Remove Duplicate Values from Multiple Files

soon_98 · July 28, 2021, 7:38am

Hi all, I am working with multiple files, and I need to first remove the duplicate values of each file and next merge them into a CSV file. How should I do? Thanks.

gonhaddock · July 28, 2021, 7:57am

Hi @soon_98 and welcome to the KNIME community

You are not giving details on your problem and the casuistic can be very broad like:

i have repeated files in the same folder (mounting path) with different names
i have repeated file names in different folders (mounting paths)
i have repeated files with different names in different folders
…
then the work approach may be completely different.

For the most simple case same files in a folder, ‘String Manipulation’ node to remove the final brakets of repetition (1), (2)… and then a ‘Group By’ node will do the job for you.
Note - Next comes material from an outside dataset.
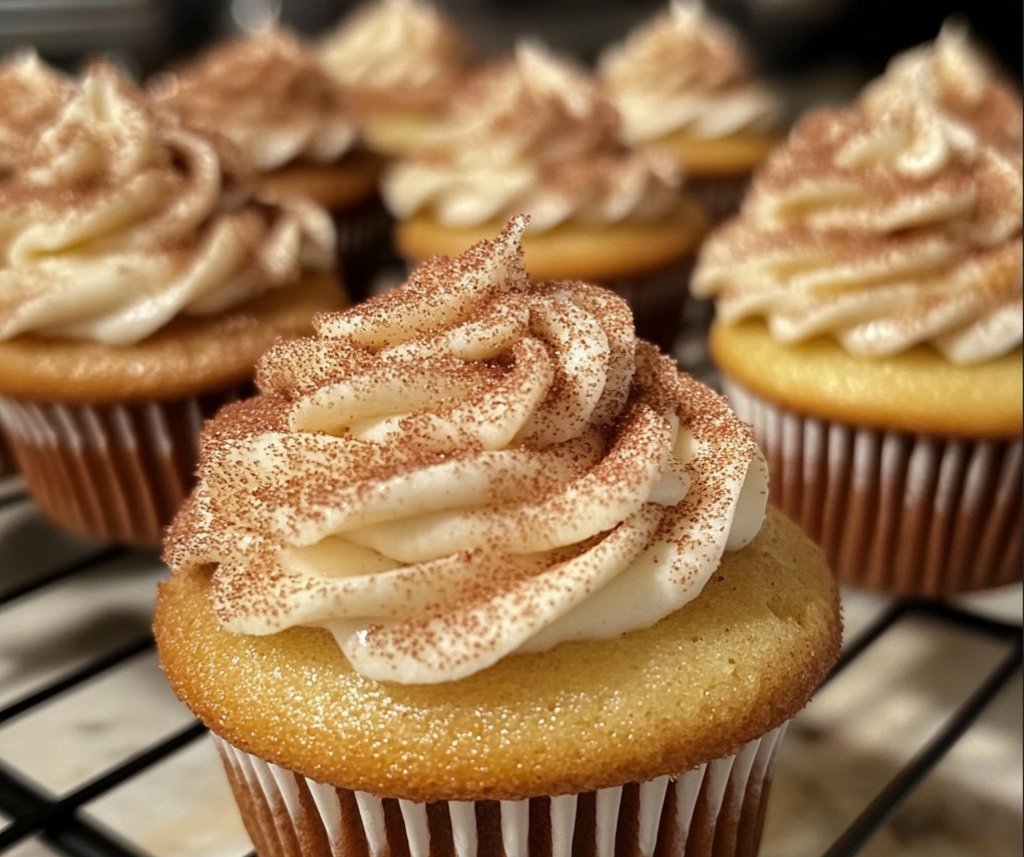 Churro Cupcakes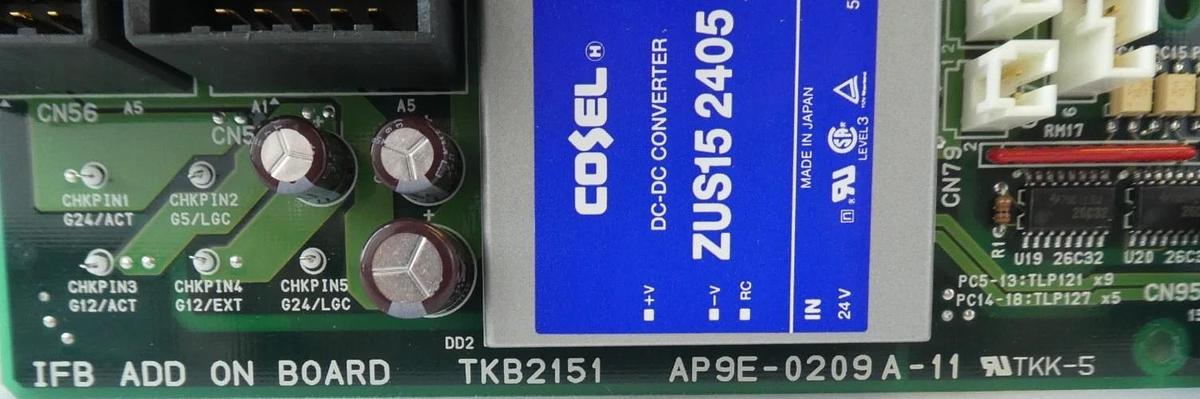 Used TEL Tokyo Electron AP9E-0209A-11 IFB Add On Board PCB TKB2151 Working Surplus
For more details please provide a dummy file list with paths that represents your problem, and we will be able to provide a more accurate help.

Regards

soon_98 · July 28, 2021, 8:09am

Hi,
Actually there are duplicate values in each fie and I have total of 40000++ files need to work with, it will be time wasting if I need to remove the duplicate value of each data one by one before merging them. Besides, the size of file is too big, it will be trouble if I need to combine all the data first before removing the duplicate values. Is there any other solution?
Thanks and Regards.

gonhaddock · July 28, 2021, 8:41am

Well, this is my view: the point of using KNIME is to bring data to be analysed in KNIME, so basically the workflow would be read all the files in a loop and aggregate the transformed data by collecting all at the end of the loop…

If the problem you are describing doesn’t fit or scale in this type of approach, I would rather code it in R (Py… optional); where you can access or bring the information without opening the files. Then if you still want to run some processing in KNIME, you can do both: import your processed data in a unique file or run the R Script from KNIME.

andrejz · July 28, 2021, 9:14am

Hi,

You can read all the csv files with the “CSV Reader” node and then use “Duplicate Row Filter” node

regards
Andrej

SamirAbida · July 28, 2021, 10:17am

Hello Soon_98,

Do your files have the same columns ? For all of them ?

If so, you just could :

load your CSV files with “CSV Reader” node from folder, it will compile them as one
remove duplicate with the “Duplicate Row Filter”
write your compiled file with “CSV Writer” node (check ss below)

Best Regards,

Samir

soon_98 · July 28, 2021, 12:59pm

Hi, it works well. Thank you so much for your help.

system · August 4, 2021, 1:00pm

This topic was automatically closed 7 days after the last reply. New replies are no longer allowed.